I bought a hen from him. She does not handle well but bred me some ok birds in 2010. Will see how she breeds this year.


----------



## MaryOfExeter (Sep 30, 2007)

Formidable1 said:


> I bought a hen from him. She does not handle well but bred me some ok birds in 2010. Will see how she breeds this year.


Can you go into a bit more detail about that? I'm not a fan of my boy either. He looks like a small hen.


----------



## Formidable1 (Jan 30, 2012)

MaryOfExeter said:


> Can you go into a bit more detail about that? I'm not a fan of my boy either. He looks like a small hen.

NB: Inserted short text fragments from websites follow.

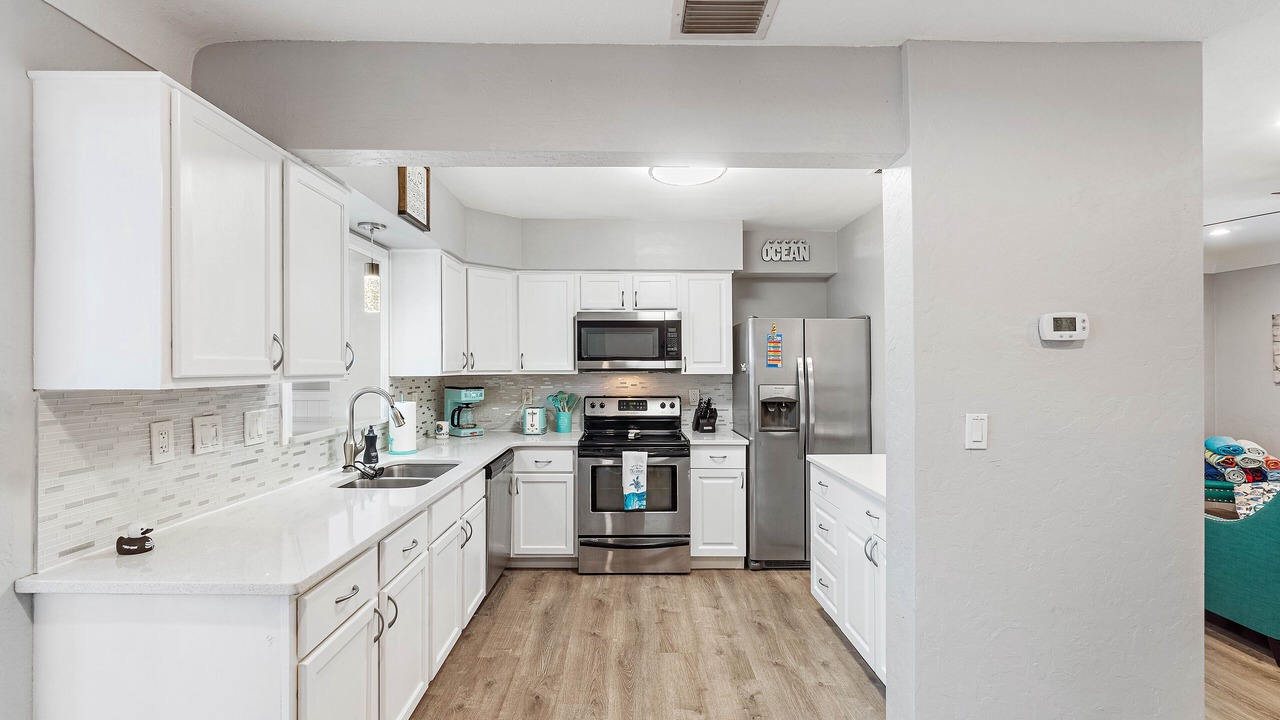 Photo of Kitchen in South Pinellas Community Council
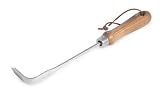 Threesixty Innovation SSPW09 Garden Angels Pavement Weeder, Stainless Steel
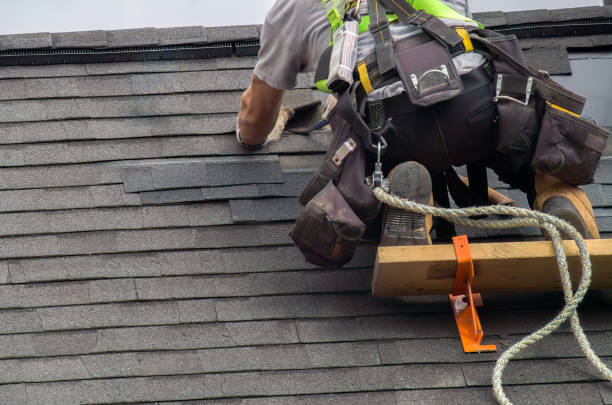 Quick and Trustworthy Emergency Roof Repair Services in Elkhorn City, KY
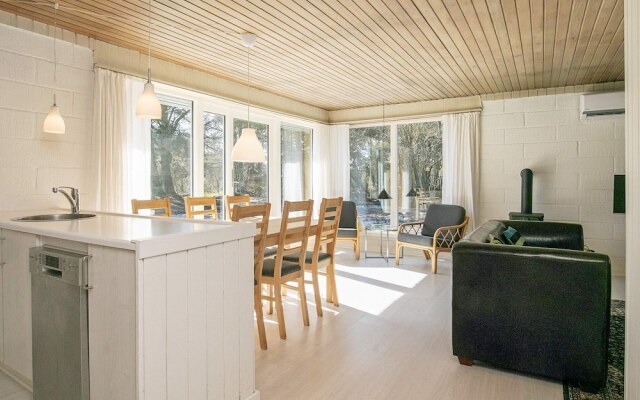 Quiet Holiday Home in Vejers Strand with Kids Play Area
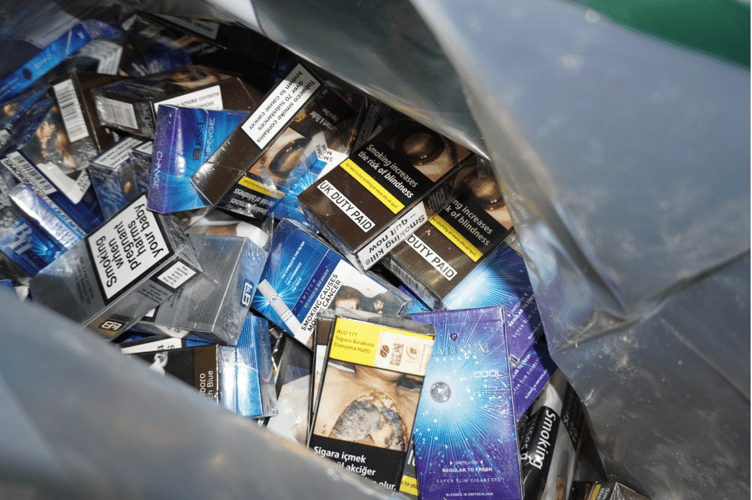 Tobacco products 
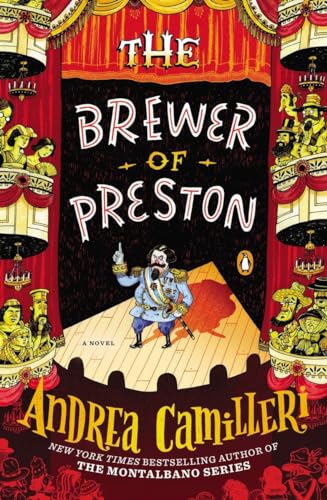 Beispielbild fr The Brewer of Preston: A Novel zum Verkauf von SecondSale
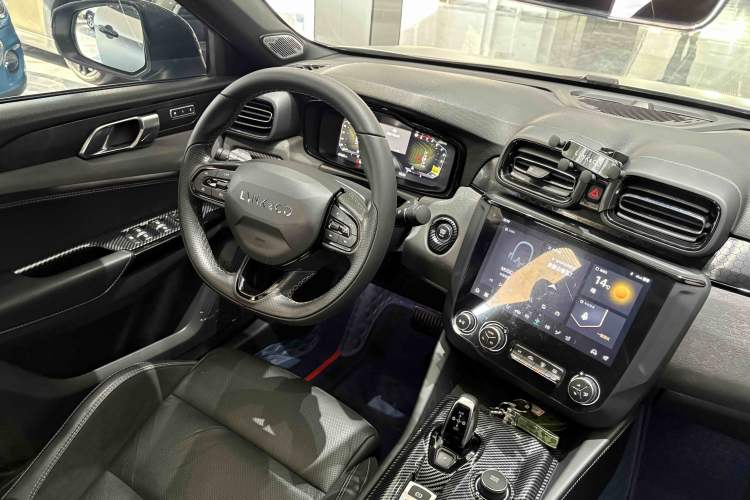 Used Lynk & Co 03 2022 1.5TD DCT JingPro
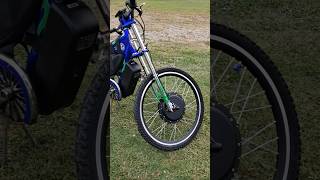 Pexmor ebike conversion kit from Amazon ebike amazon DIY schwinnstingray [upl. by Melak]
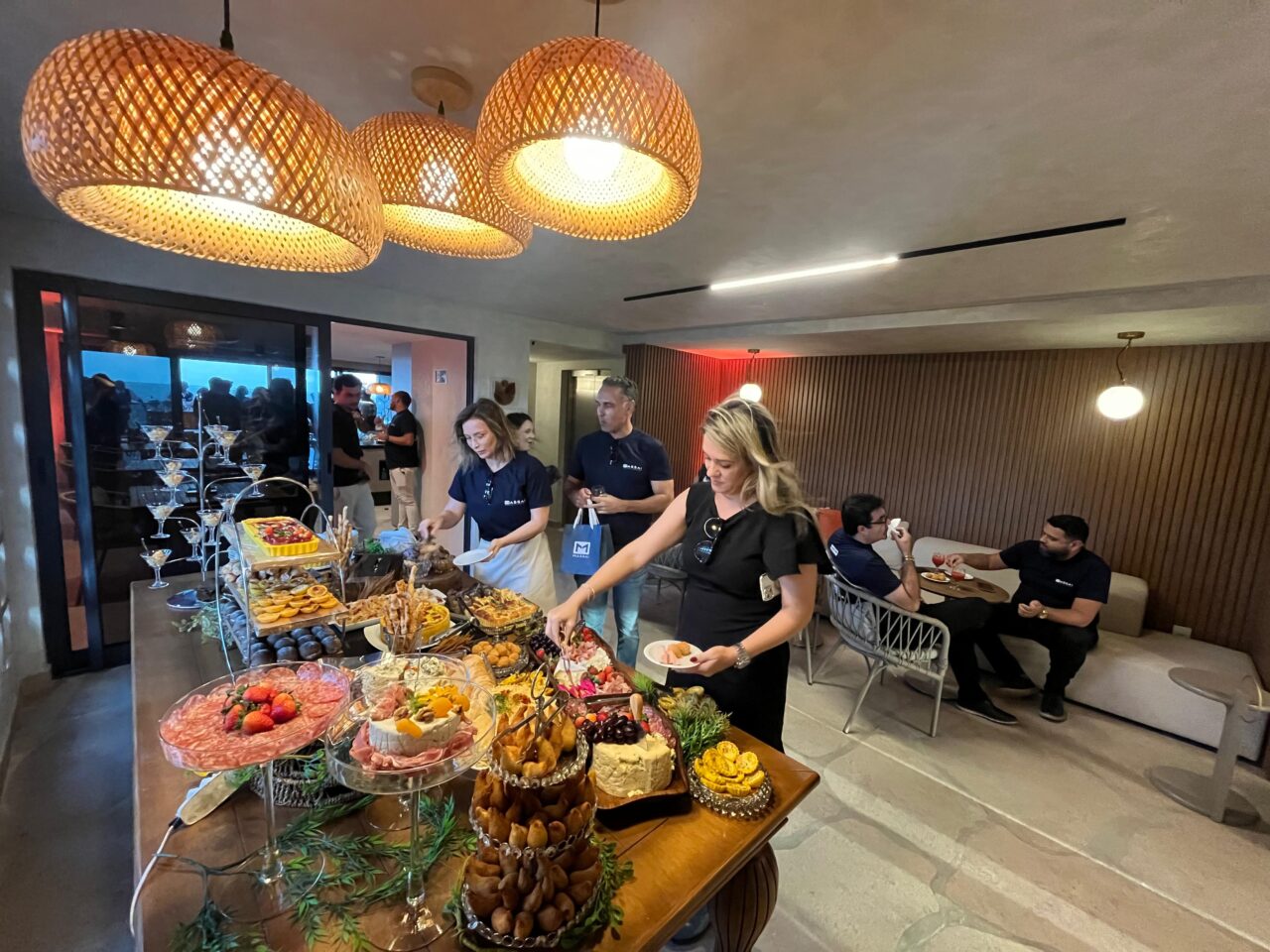 Massai surpreende corretores de imóveis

The bird I have looks nice now and is from the phantom line. It's keel is very deep. Something that a lot of fanciers does not look for in a bird. If the guys from my club handles her, they would of told me to cull her. Feather wise, she is not smooth and silky. Kinda rough. Was very wild until I confine her and tame her down a little. I kept her because she bred me a bird that I like. Testing her again this year to see if she can throw something good this year. I plan to breed her to one of my great handling cock to see if their results. Hope that helps.


----------



## MaryOfExeter (Sep 30, 2007)

Formidable1 said:


> The bird I have looks nice now and is from the phantom line. It's keel is very deep. Something that a lot of fanciers does not look for in a bird. If the guys from my club handles her, they would of told me to cull her. Feather wise, she is not smooth and silky. Kinda rough. Was very wild until I confine her and tame her down a little. I kept her because she bred me a bird that I like. Testing her again this year to see if she can throw something good this year. I plan to breed her to one of my great handling cock to see if their results. Hope that helps.

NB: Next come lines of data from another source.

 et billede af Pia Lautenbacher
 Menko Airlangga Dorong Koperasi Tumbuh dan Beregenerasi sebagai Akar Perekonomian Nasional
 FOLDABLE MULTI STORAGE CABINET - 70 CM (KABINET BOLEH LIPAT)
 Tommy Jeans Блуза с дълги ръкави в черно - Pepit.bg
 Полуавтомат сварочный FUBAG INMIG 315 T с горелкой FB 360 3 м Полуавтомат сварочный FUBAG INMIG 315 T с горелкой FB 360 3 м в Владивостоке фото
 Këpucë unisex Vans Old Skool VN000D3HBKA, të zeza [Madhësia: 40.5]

Mine is too  His grandfather was The Phantom. Hope she makes some good ones!


----------



## fajaffafa (Jan 6, 2012)

I don't think he races, just breeds and sells birds.He always starts them out low. I know a guy that knows him, said he sells good birds.


----------



## Lovelace (Jan 10, 2008)

Well if he don't fly them I don't have no use for them, I wont results when I have to spend my money on a bird not just "paper". birds fly not paper.


----------



## Kastle Loft (May 7, 2008)

I bought a hen from him this year. I'll admit I bought "Paper". She had the blood I wanted and only two generations from well-documented proven stock. For the price, it's as close as I can get to the proven blood I wanted. 

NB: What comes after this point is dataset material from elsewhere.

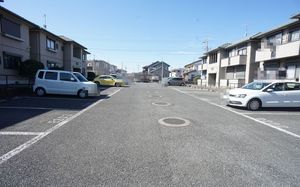ビバリーヒルズ　Ｄ 102号-4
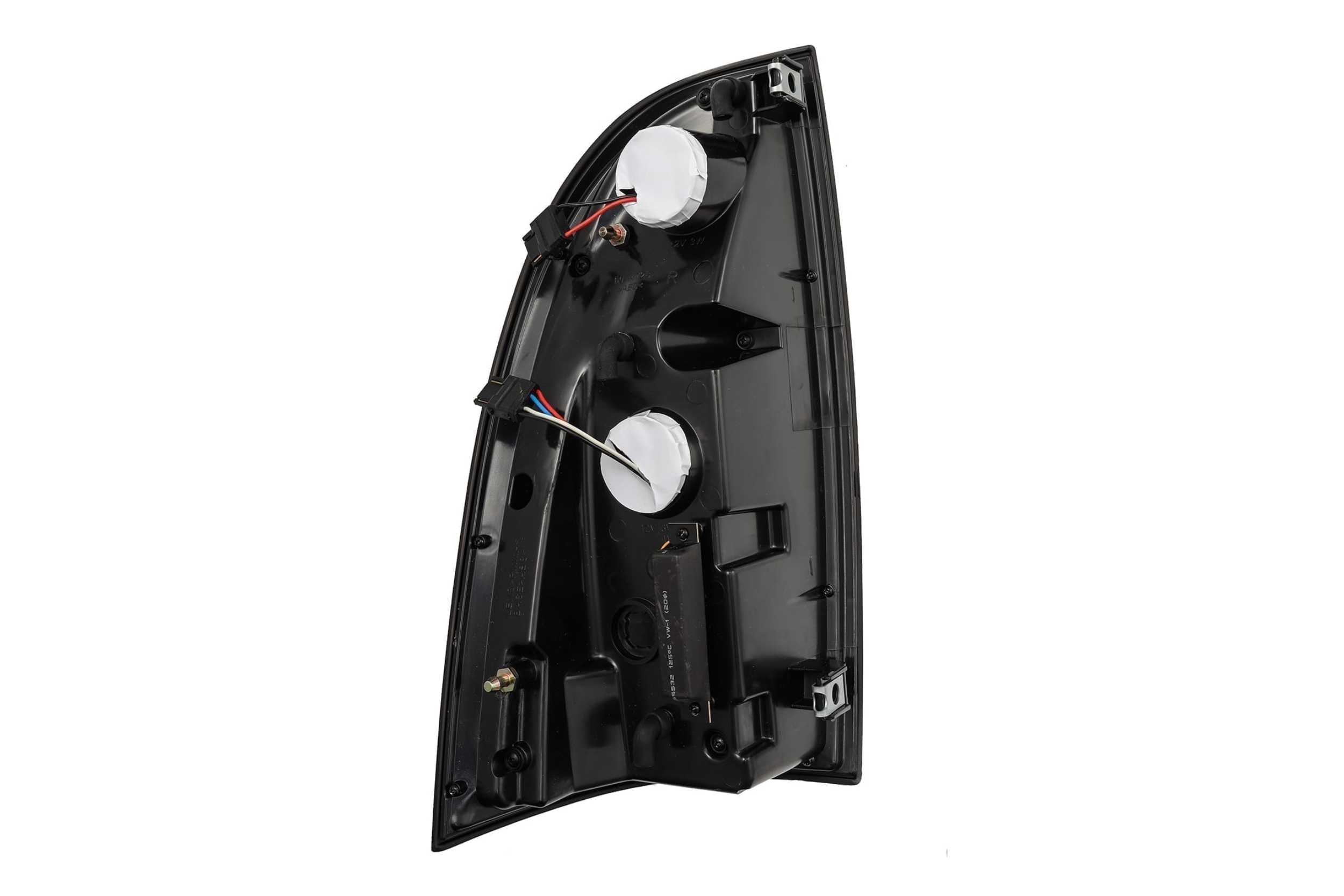 ARex (PRO-Series) Halogen Tail Lights: Toyota Tacoma (05-15) - Jet Black (Set) - product image 3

I was a little disappointed in how she handled. I also thought she was a bit skinny. But she's looking good now and just hatched her first round this week. We'll see how she does. Sometimes I think they need a little age on them to truly see how they handle.

One thing I wish Weyer would do is give us any kind of breeding record of his breeding pairs. Have they been successful and breeding breeders? I know I could call him and ask, but . . .


----------



## Ashby Loft (Aug 31, 2007)

I've been watching his auctions for weeks now. I've been tempted by some of the Grandchildren of Kid Kannibaal or Phantom. But I've really been wondering how in the world he can put out that many birds with virtually the same pedigrees. Incredible.


----------



## Lavender Hill Lofts (Dec 1, 2011)

calzephyr said:


> I keep seeing Weyer Family Loft posting 20 birds every week on pigeonauctions.com.
> 
> Has anyone here dealt with him? Are the birds any good?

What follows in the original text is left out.